Bakın Günseli hanım yazısını nasıl sürdürmüş on iki yıl önce;

“… Atlar kendi türü içinde sınıflandırılabilen ender canlılardan. Ben, atları üç kategoride incelerim. Birinci gruptakiler Dolap Beygirleridir. Bu gruptakiler, gözlerinde at gözlükleri, boyunlarındaki çanla, bir kuyunun etrafında bir yerlere gittiklerini varsayarak dolanıp dururlar. Boyunlarındaki çanın ahenkli tatlı sesi, sanki bir yerler gidiyormuşcasına onları oyalar. Bu gruptakilere, bilgi, gelecek, fayda, uzlaşma ve gelişme adına hiçbir şeyi öğretemezsiniz.
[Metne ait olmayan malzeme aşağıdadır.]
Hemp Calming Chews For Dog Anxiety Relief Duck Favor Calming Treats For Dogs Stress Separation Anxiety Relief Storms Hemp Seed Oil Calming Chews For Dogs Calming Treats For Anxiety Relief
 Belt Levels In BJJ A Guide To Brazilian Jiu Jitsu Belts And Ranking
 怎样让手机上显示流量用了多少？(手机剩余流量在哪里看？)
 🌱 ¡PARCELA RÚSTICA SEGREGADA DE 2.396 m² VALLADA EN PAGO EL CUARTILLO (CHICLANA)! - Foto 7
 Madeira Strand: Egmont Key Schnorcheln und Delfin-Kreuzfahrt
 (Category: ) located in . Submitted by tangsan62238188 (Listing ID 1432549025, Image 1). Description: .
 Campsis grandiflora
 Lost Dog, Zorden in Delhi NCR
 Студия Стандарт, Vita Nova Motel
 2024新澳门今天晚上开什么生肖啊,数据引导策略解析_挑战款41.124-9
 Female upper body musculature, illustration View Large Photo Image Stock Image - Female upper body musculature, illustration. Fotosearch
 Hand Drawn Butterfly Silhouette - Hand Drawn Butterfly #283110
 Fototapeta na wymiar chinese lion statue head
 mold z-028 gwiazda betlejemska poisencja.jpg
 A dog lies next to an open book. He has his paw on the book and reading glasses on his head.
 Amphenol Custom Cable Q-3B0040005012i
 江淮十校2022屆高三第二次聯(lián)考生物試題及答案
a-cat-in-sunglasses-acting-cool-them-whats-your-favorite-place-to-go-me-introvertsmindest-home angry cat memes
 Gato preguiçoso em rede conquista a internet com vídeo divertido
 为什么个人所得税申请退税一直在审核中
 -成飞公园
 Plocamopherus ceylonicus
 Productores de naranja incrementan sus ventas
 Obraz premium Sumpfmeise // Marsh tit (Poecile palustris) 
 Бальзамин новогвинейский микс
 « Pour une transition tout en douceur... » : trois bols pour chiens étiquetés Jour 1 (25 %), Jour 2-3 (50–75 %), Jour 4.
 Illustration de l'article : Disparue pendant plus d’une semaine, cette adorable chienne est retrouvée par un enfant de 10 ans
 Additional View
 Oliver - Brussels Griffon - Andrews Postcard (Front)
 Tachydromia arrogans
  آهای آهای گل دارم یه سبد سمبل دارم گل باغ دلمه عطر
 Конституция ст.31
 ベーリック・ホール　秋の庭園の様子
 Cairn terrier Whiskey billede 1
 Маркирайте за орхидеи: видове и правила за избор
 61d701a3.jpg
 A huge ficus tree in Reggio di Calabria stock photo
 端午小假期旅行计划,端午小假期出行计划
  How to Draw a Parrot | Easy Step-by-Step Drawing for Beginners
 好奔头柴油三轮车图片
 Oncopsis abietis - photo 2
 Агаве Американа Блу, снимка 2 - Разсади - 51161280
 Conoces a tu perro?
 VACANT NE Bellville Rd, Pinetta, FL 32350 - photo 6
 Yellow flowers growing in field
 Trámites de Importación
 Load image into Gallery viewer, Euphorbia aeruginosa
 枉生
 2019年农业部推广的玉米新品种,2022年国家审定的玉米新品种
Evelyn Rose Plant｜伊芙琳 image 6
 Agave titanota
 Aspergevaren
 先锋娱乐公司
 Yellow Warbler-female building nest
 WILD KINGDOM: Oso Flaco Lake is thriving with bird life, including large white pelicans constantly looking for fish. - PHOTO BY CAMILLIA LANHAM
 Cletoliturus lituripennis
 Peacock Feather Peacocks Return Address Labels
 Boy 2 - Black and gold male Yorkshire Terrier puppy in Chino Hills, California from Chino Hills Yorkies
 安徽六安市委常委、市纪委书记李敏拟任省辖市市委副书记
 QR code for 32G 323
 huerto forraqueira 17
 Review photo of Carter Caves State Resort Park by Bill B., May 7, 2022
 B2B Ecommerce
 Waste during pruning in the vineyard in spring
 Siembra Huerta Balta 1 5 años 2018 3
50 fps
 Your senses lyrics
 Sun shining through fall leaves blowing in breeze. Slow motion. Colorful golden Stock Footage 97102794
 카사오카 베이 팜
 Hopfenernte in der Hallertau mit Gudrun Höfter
Bu değerleri enjektörle damardan vermeyi deneseniz bile başarısız olursunuz. Komplikasyon yapıp geri atarlar. Toplumların her konudaki fanatiği bu gruptan çıkar.

İkinci gruptakile Sütçü Beygirleridir. Kendilerine öğretilen bir hat üstündeki kapılara eksiksizce uğrar; yeni öğretilenleri de aksatmadan belleklerine kaydederler. Bu gruptakilere, sadece gazetedeki başlıkları okuyarak destanlar yazan tipler girer. Derinlemesine bilgi sahibi olmadan her konuda tartışmaya girip ikna olmamak için direnenler bu gruptandır. Bunlara da, bilgi, gelecek, fayda, uzlaşma ve gelişme adına biraz emek harcayarak yönlendirmek ve katkıda bulunmak isteseniz bile, uzun süren çabalarınız çok az sonuç verecektir. Bu değerleri tablet haline getirip hap gibi yutmalarını isterseniz, yanınızda yutup sonradan çıkarmanın bir yolunu mutlaka bulacaklardır. Ne yazık ki ; toplumun en kalabalık grubu bu kişilerden oluşur.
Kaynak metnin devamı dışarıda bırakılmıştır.